This is the Berkeley Unified Parallel C (UPC) implementation of the NAS Parallel Benchmark FT. The transpose communication is implemented using both blocking functions (upc_memget) and nonblocking functions (upc_memput_nb). The default is nonblocking functions, which is defined in UPC description 3.1. If nonblocking functions are not supported on your system, it will switch to blocking functions automatically. Users are allowed to change the selection by modifying fft3d.uph file.
The NERSC-8 benchmark will run the Class DD16 (16 times bigger than NAS FT Class D) version of the UPC FT benchmark. Other Classes are supported in the released benchmark, but they are not required.
The benchmark requires the FFTW version 3 library and a UPC compiler and runtime environment.
- Set the path to your FFTW library in Make.fftw3
- Set the UPCC macro in Makefile to point to your upc compiler.
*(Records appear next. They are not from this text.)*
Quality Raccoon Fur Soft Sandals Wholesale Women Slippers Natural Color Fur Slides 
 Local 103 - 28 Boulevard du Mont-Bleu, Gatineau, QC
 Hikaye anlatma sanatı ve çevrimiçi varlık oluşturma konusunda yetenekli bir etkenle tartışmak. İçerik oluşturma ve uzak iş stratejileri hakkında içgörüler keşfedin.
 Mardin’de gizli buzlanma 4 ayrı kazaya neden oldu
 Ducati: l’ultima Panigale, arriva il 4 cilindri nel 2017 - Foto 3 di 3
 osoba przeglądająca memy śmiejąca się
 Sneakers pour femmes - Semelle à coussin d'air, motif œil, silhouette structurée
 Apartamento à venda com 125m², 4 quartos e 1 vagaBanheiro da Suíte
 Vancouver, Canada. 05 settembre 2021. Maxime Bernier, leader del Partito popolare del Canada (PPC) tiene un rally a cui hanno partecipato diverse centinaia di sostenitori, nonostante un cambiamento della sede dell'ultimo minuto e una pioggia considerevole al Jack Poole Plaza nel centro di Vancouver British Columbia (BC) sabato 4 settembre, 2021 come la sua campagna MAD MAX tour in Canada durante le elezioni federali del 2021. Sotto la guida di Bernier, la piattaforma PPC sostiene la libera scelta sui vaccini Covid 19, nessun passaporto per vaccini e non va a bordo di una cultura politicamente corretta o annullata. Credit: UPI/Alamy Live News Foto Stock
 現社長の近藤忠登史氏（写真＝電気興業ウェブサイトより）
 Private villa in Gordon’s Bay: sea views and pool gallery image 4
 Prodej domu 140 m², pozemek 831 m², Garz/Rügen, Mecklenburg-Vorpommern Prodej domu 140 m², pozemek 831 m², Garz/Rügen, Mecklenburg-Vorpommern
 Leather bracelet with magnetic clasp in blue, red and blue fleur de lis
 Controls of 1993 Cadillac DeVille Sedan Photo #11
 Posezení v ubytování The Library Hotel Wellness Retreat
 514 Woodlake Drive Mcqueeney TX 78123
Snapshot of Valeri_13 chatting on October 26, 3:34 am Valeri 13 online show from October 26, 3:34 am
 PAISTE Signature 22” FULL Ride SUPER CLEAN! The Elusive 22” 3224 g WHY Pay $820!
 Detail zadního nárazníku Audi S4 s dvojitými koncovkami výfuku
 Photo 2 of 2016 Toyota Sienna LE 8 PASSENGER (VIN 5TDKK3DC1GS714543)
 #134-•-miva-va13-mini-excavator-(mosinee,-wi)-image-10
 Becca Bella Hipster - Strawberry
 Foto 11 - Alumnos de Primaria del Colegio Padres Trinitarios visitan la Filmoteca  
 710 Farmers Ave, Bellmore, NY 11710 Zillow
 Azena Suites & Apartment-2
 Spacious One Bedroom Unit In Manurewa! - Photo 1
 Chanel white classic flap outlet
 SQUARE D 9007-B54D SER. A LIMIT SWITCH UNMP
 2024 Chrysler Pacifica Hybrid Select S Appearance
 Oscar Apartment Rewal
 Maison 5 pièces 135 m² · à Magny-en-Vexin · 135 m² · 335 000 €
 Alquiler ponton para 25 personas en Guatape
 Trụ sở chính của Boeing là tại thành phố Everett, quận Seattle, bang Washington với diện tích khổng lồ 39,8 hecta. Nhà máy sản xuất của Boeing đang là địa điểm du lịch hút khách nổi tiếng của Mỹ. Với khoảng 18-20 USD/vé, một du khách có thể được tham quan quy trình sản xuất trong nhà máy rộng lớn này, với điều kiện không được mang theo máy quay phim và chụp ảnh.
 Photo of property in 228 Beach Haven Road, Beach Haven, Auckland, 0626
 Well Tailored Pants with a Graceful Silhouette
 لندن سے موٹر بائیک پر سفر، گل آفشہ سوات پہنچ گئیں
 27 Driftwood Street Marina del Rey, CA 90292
It may be necessary to set a flag in UPCFLAGS to enable your compiler to build a UPC code.
An executable file called ft-2d-upc.fftw3.DD16 will be generated.
There are two command line parameters (nx, ny) to represent the number of upc threads in the X and Y direction of a thread partition grid (nx * ny = total number of upc threads). Users are allowed to change the values of nx and ny.
For example, on on the Cray at NERSC, the command line will be:
aprun -n 8192 ./ft-2d-upc.fftw3.DD16 64 128
where nx=64 and ny=128 (nx*ny = 8192)
Depending on your system type and configuration, it may be necessary to change the environment variable XT_SYMMETRIC_HEAP_SIZE to define the shared heap size.
The Class DD16 benchmark must be run using 8192 UPC threads.
The running results using 8192 upc threads for CLASS DD16 should be reported. In the benchmark spreadsheet, please report the following values reported by the program at the end of execution:
- Total running time
Finally, please submit the output file along with the run script used and a description of the UPC compiler and runtime environment.